- **What you will do**:
Write the full listing out again, word for word, but omit the pictures.

- **Given information**:
########################################

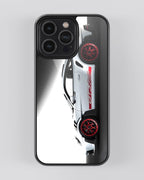 Sports Car Mobile Cover (White GT3 RS) Mobile Case by CoverMeUp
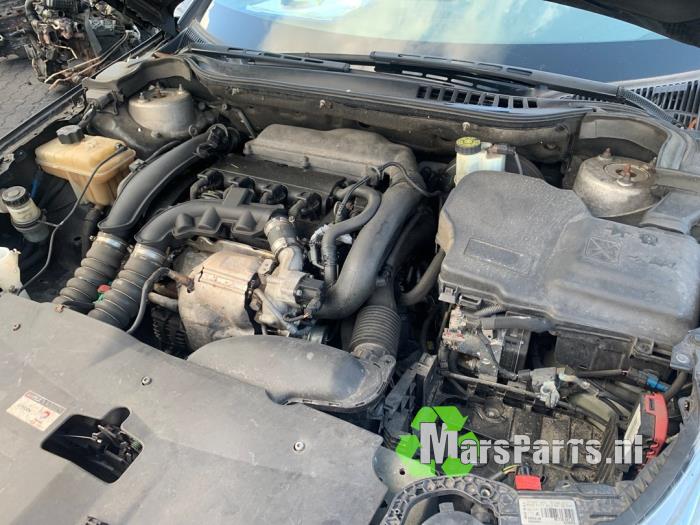 Citroen C5 III Berline 1.6 16V THP 155 Samochód złomowany (2010, Czarny)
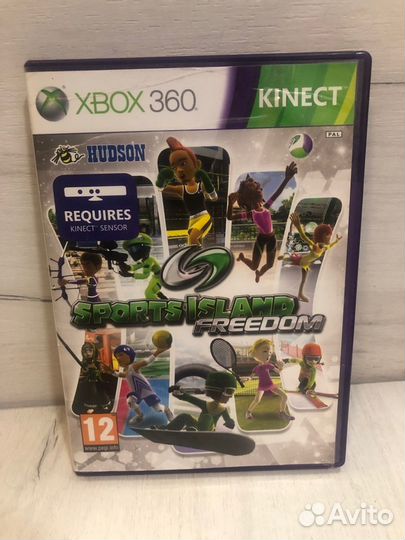Kinect Sports Island Freedom для X-Box 360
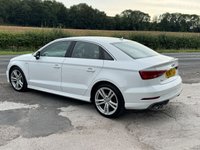 USED 2017 67 AUDI A3 2.0 TDI S line Saloon 4dr Diesel Manual quattro Euro 6 (s/s) (150 ps) &pound;0 DEPOSIT FINANCE AVAILABLE.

########################################

- **Your solution**:
 Sports Car Mobile Cover (White GT3 RS) Mobile Case by CoverMeUp
 Citroen C5 III Berline 1.6 16V THP 155 Samochód złomowany (2010, Czarny)
Kinect Sports Island Freedom для X-Box 360
 USED 2017 67 AUDI A3 2.0 TDI S line Saloon 4dr Diesel Manual quattro Euro 6 (s/s) (150 ps) &pound;0 DEPOSIT FINANCE AVAILABLE.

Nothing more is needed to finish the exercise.